━━━━━ Data extract ━━━━━

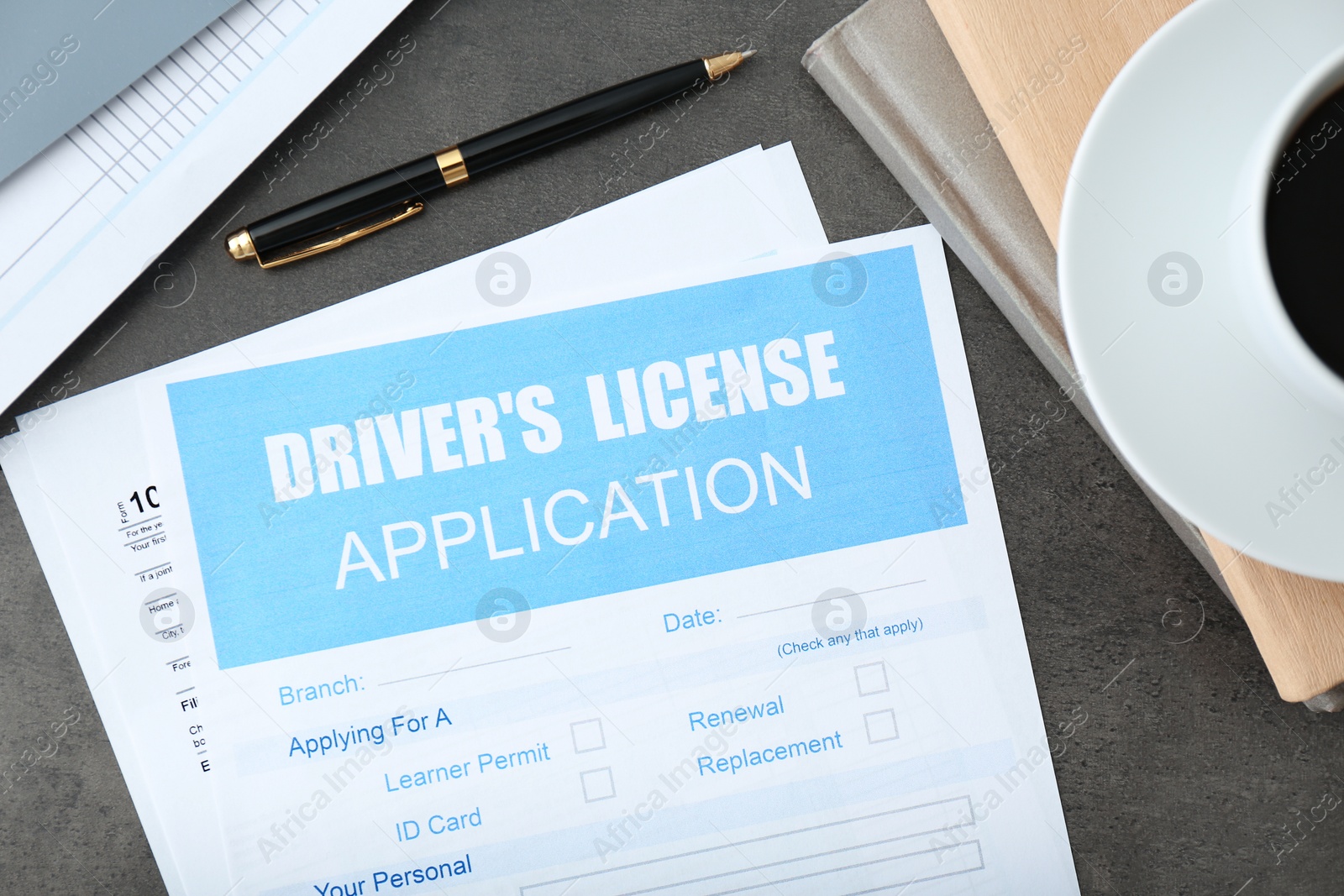 Photo of Driver's license application form and stationery on grey table, flat lay
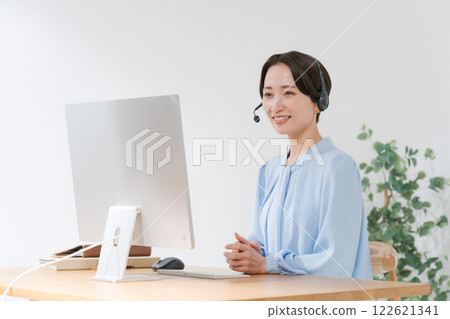 Middle-aged woman having an online meeting while teleworking 122621341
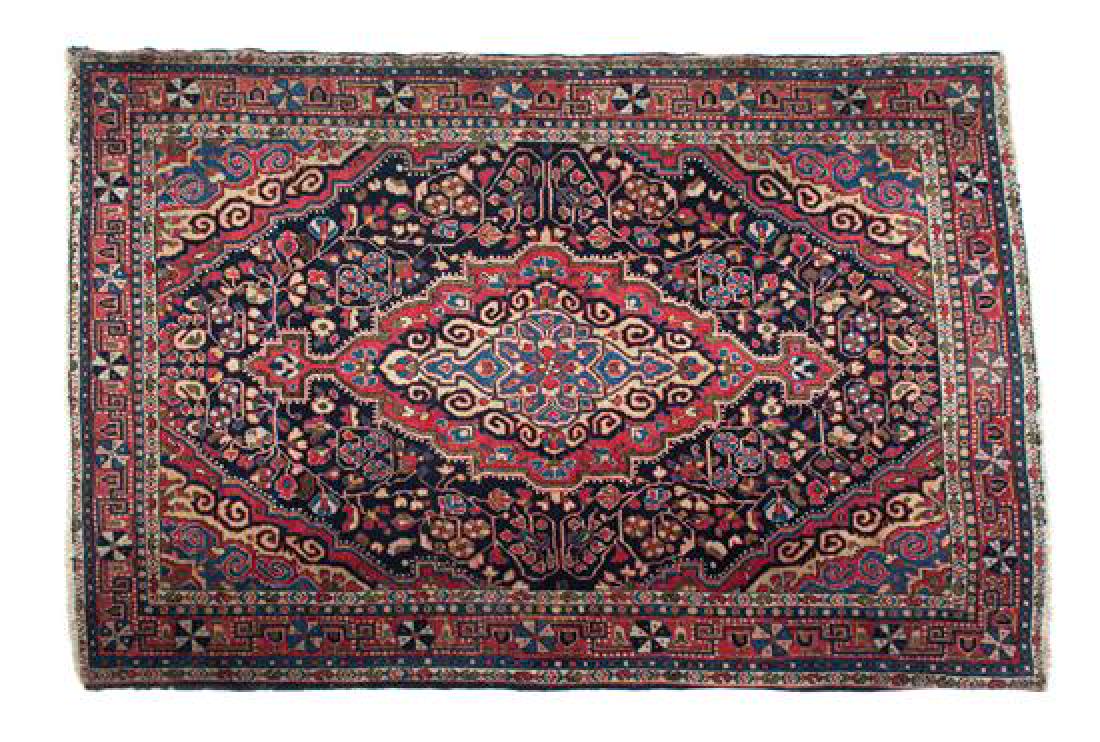 A Persian Wool Rug 57 1/2 x 39 1/2 inches.: A Persian Wool Rug 20th century 57 1/2 x 39 1/2 inches. Estimate $300-500 Property from the Collection of M. Anthony Greene, Atlanta, Georgia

━━━━━

Lines from the start of the listing above through the line holding "Middle-aged woman having" are to be duplicated exactly, and nothing more; leave out the pictures.

> **Solution to this problem**:
 Photo of Driver's license application form and stationery on grey table, flat lay
 Middle-aged woman having an online meeting while teleworking 122621341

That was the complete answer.